• TRY IT
All pictures are to be dropped, and the remaining data set down exactly.

• DATASET SECTION
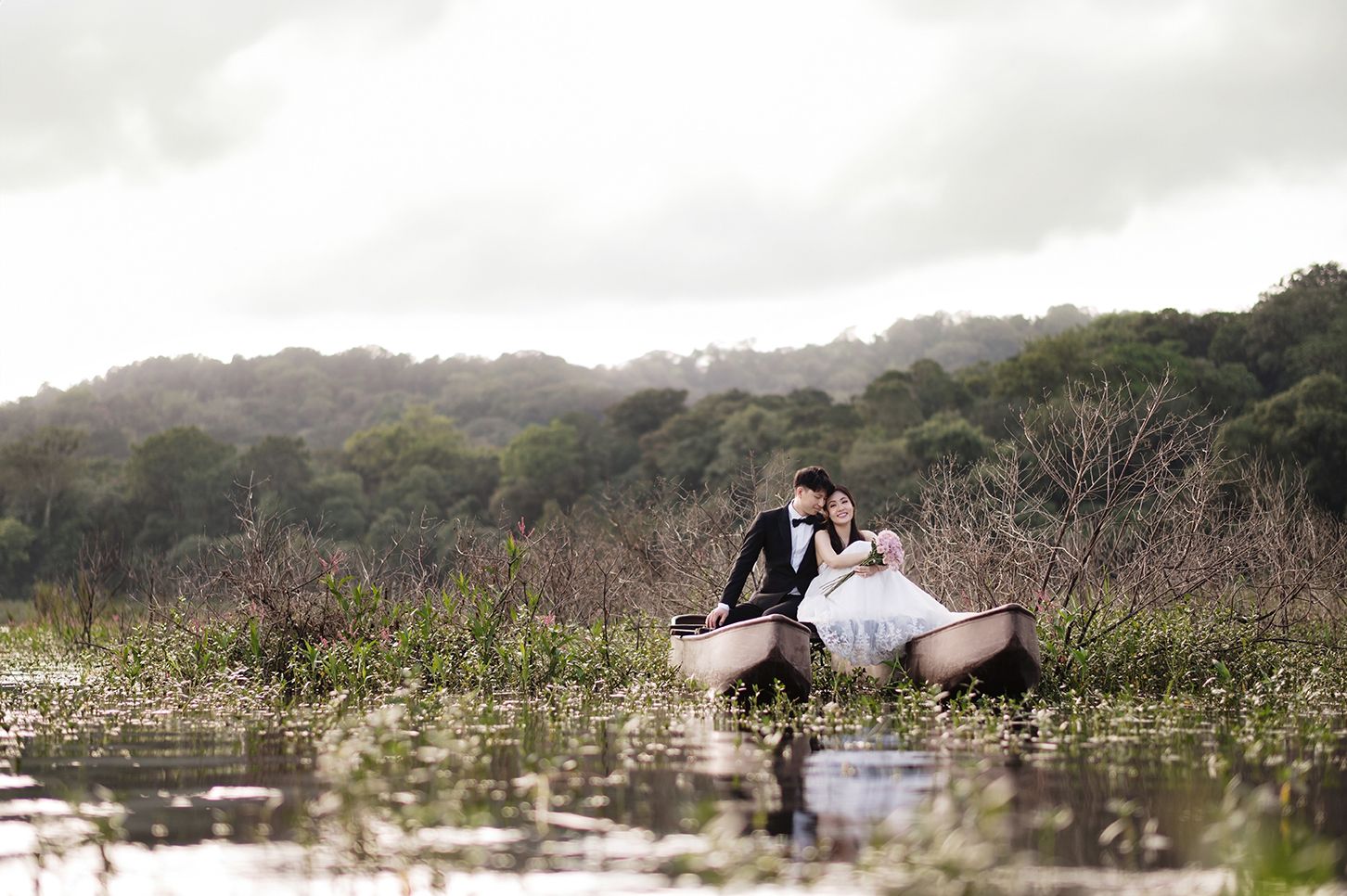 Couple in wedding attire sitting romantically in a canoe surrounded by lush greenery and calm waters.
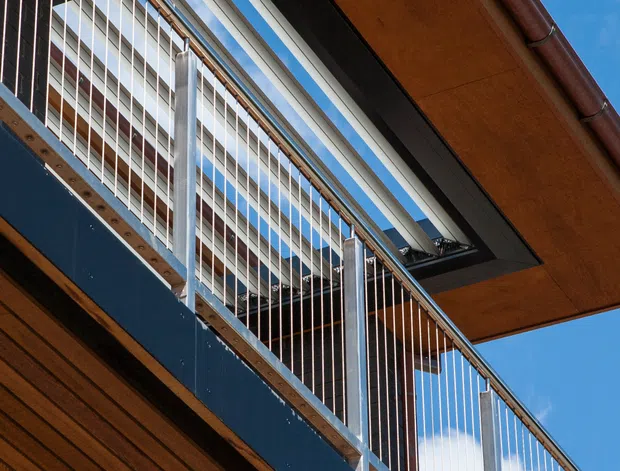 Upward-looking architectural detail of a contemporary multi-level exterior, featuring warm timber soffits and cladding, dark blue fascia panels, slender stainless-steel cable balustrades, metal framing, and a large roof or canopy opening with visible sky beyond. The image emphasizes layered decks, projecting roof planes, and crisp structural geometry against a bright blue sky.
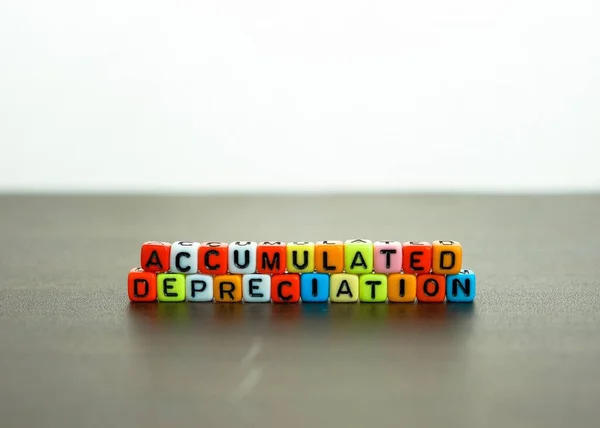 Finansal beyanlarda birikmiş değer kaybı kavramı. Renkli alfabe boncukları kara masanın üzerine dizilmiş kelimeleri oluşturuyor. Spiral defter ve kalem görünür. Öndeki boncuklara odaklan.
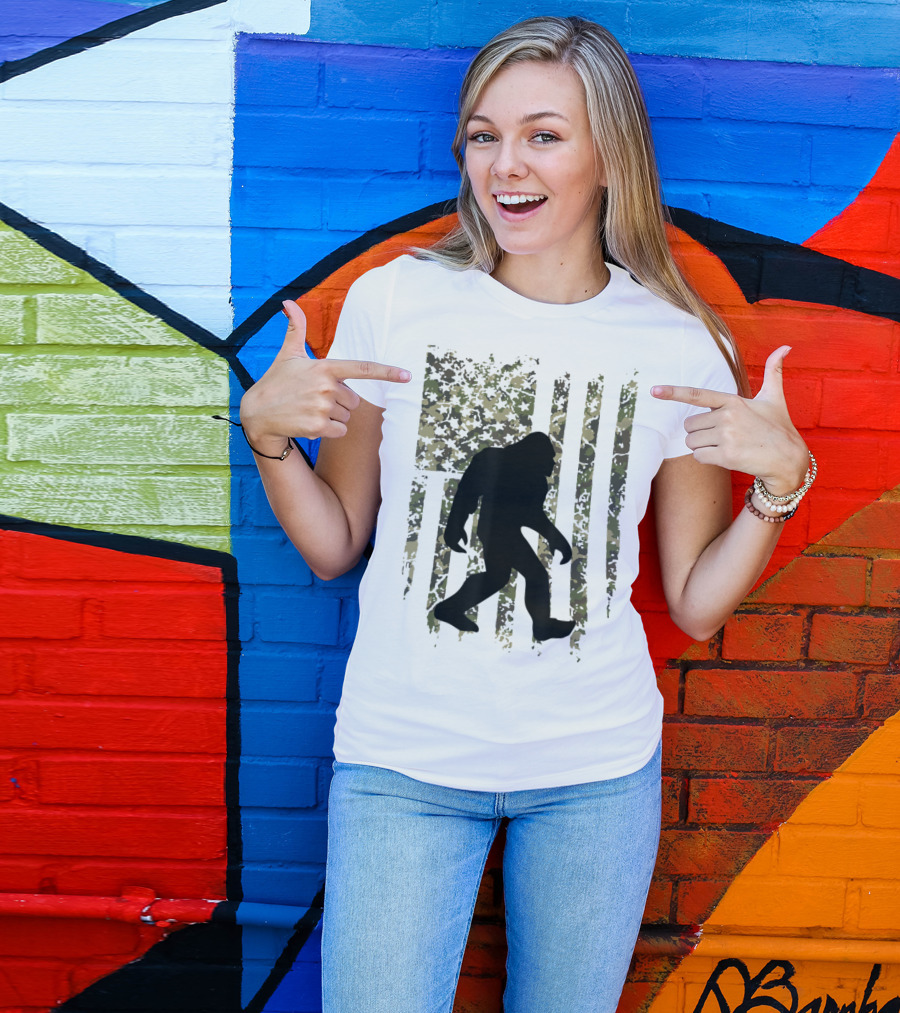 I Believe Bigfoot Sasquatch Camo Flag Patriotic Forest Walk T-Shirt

• RESULT OF THIS EXERCISE
 Couple in wedding attire sitting romantically in a canoe surrounded by lush greenery and calm waters.
 Upward-looking architectural detail of a contemporary multi-level exterior, featuring warm timber soffits and cladding, dark blue fascia panels, slender stainless-steel cable balustrades, metal framing, and a large roof or canopy opening with visible sky beyond. The image emphasizes layered decks, projecting roof planes, and crisp structural geometry against a bright blue sky.
 Finansal beyanlarda birikmiş değer kaybı kavramı. Renkli alfabe boncukları kara masanın üzerine dizilmiş kelimeleri oluşturuyor. Spiral defter ve kalem görünür. Öndeki boncuklara odaklan.
 I Believe Bigfoot Sasquatch Camo Flag Patriotic Forest Walk T-Shirt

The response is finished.